MIT Tech Review: メタ、材料科学向けの最大規模のデータセットとAIモデルを無償公開

 

「MIT Tech Review: メタ、材料科学向けの最大規模のデータセットとAIモデルを無償公開」がちょっと面白い。

 

「メタは、材料科学において最大規模のデータセットとAIモデル「オープン・マテリアルズ2024(Open Materials 2024、OMat24)」を無償で公開した。材料科学分野の大規模データセットが公開されるのは異例で、新材料の発見につながる研究が加速しそうだ。

・メタが材料科学の発展を支援する大規模データセットとモデルを公開した

・データセットは1億1000万のデータポイントを含み従来のものを大幅に上回る

・データセットの公開により材料科学分野の研究加速が期待される」

 

「新材料を発見するために、科学者たちは周期表に記載された元素の特性を計算し、コンピューター上でさまざまな組み合わせをシミュレーションしている。この作業はたとえば、より優れた電池の製造や新しい持続可能な燃料の開発など、気候変動の緩和に寄与する特性を備えた材料の発見につながる可能性がある。

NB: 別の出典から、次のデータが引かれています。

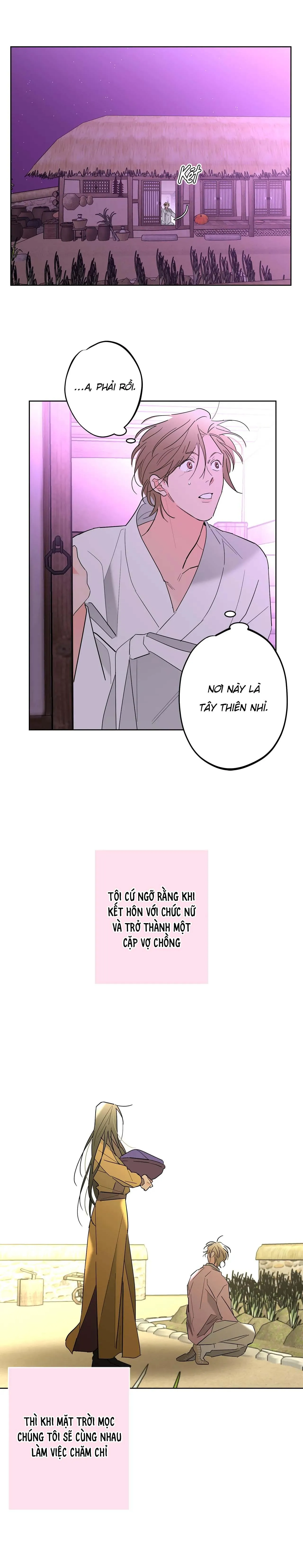 Manhwa Chịch Vồn Chịch Vã Chapter 25 Trang 24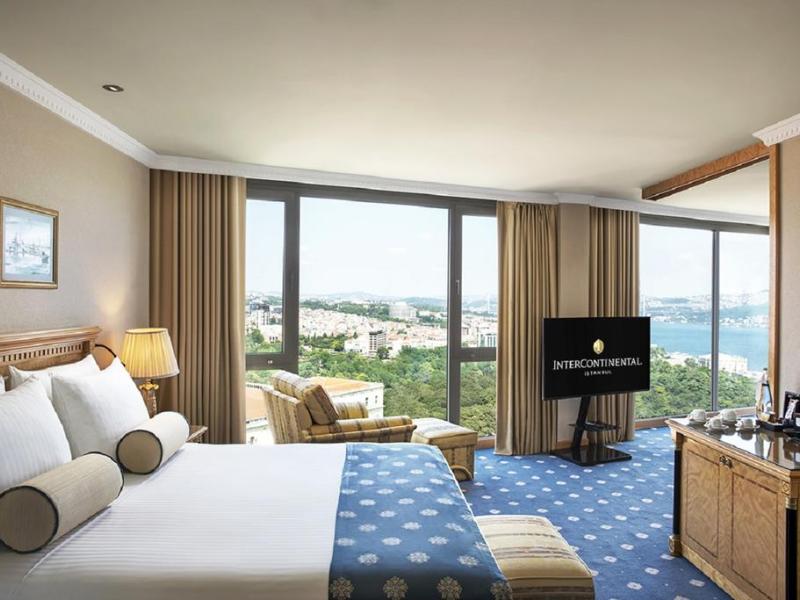 InterContinental Hotel Istanbul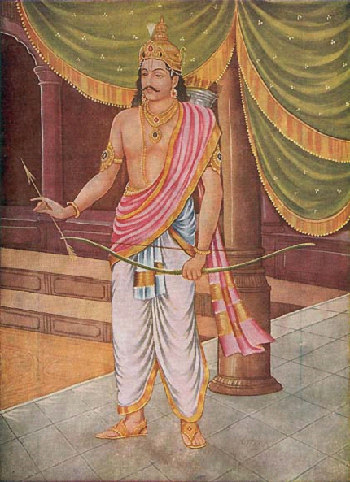 Pandu in Mahabarath Pandu in Mahabarath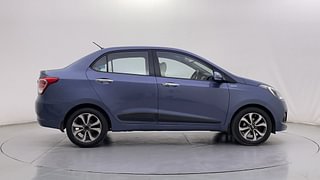 Used 2014 Hyundai Xcent [2014-2017] SX AT (O) Petrol Petrol Automatic exterior RIGHT SIDE VIEW
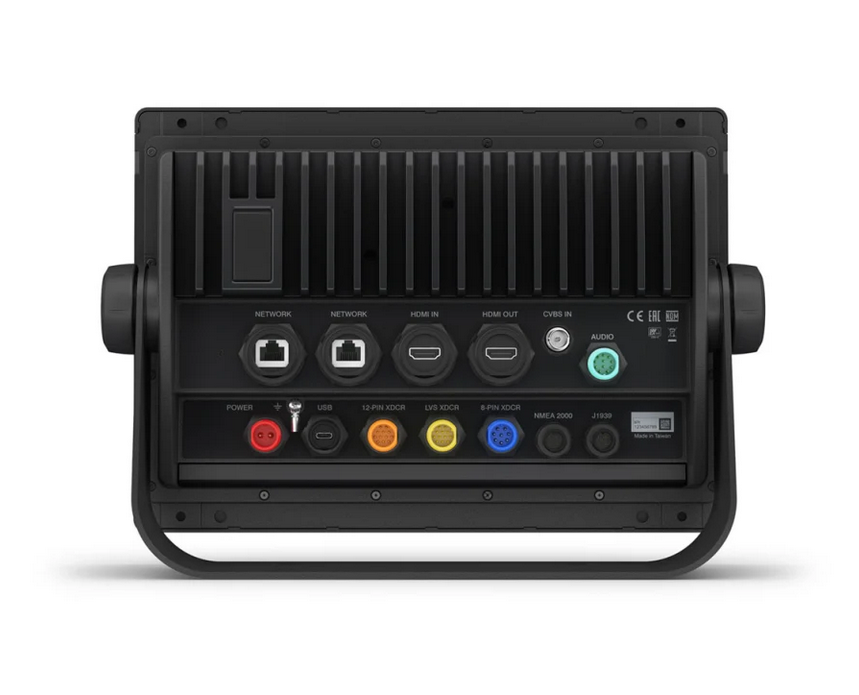 Garmin GPSMAP 8612XSV (WITH TRANSDUCER PORT)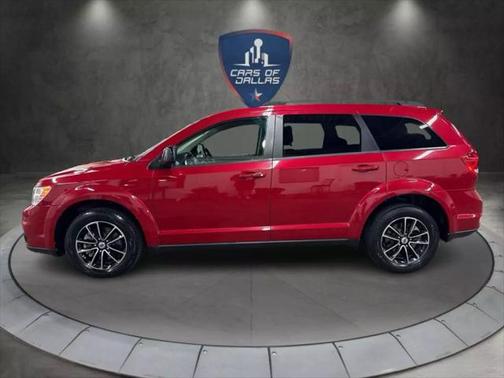 2018 Dodge Journey SXT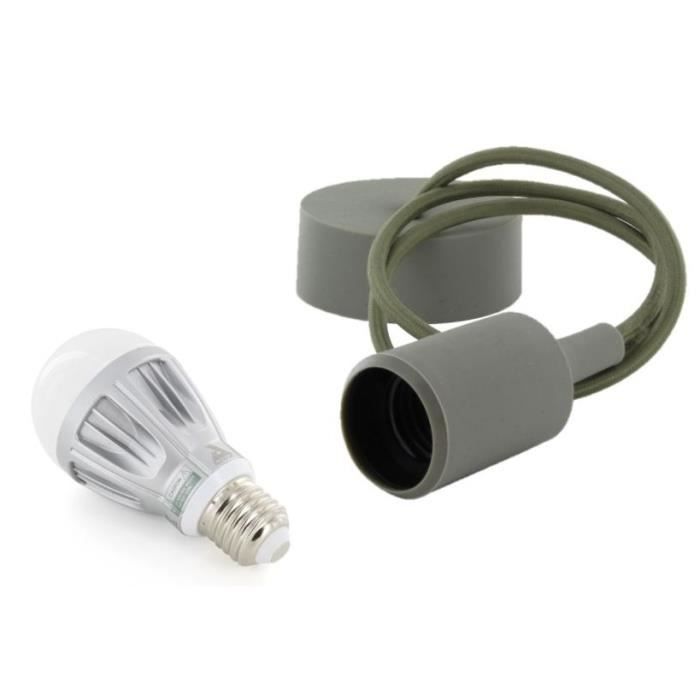 Kit suspension + ampoule LED - CHACON - 32221 - Bluetooth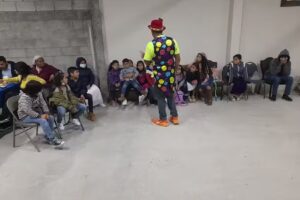 Iglesia apostolica de la Fe en Cristo Jesus 8va de Playas de Rosarito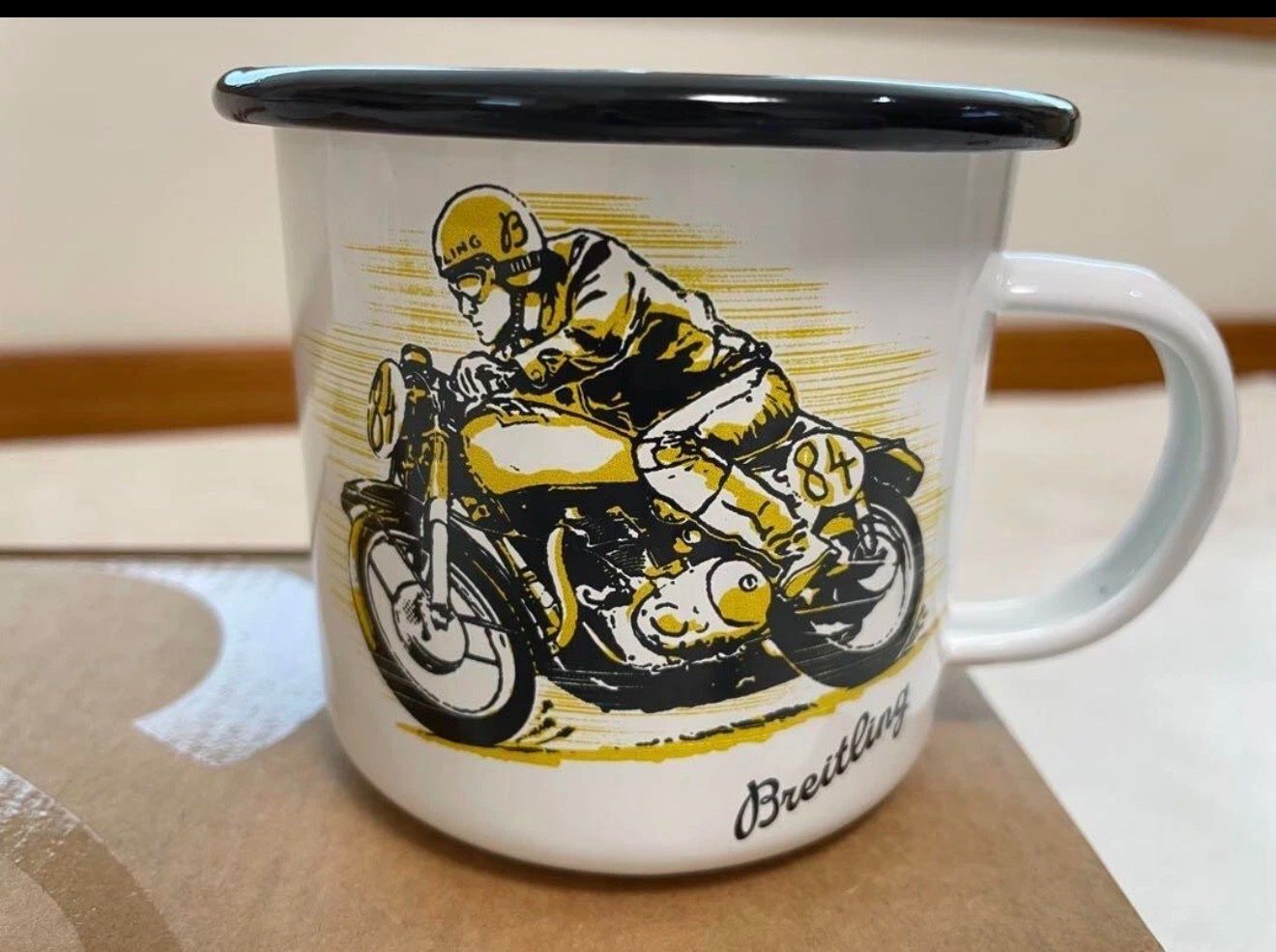 Tassen: Breitling Tassen – Neu und originalverpackt aus Bettlach von Mrsdelux 2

 だが、こうした作業には大規模なデータセットが必要とされる一方で、これらのデータセットは入手困難なものでもある。データセットの作成には大量の計算能力が必要で、多額の費用が必要だ。また、現存する主要なデータセットとモデルの多くは公開されておらず、研究者が自由に利用できるものではない。メタが支援を目指しているのが、この部分だ。同社は、新たなデータセットとモデルを10月18日に無償で公開し、オープンソースとして提供する。このデータセットとモデルはハギング・フェイス(Hugging Face)から自由にダウンロードでき、編集・利用が可能だ。」

 

「データセットの作成には膨大な計算能力が必要であり、メタはその能力を持つ世界でも数少ない企業の1つである。メタのジトニックによると、同社の取り組みには別の動機が存在するという。スマート拡張現実(AR)メガネをより手頃な価格にするための、新材料を発見したいと考えているのだ。」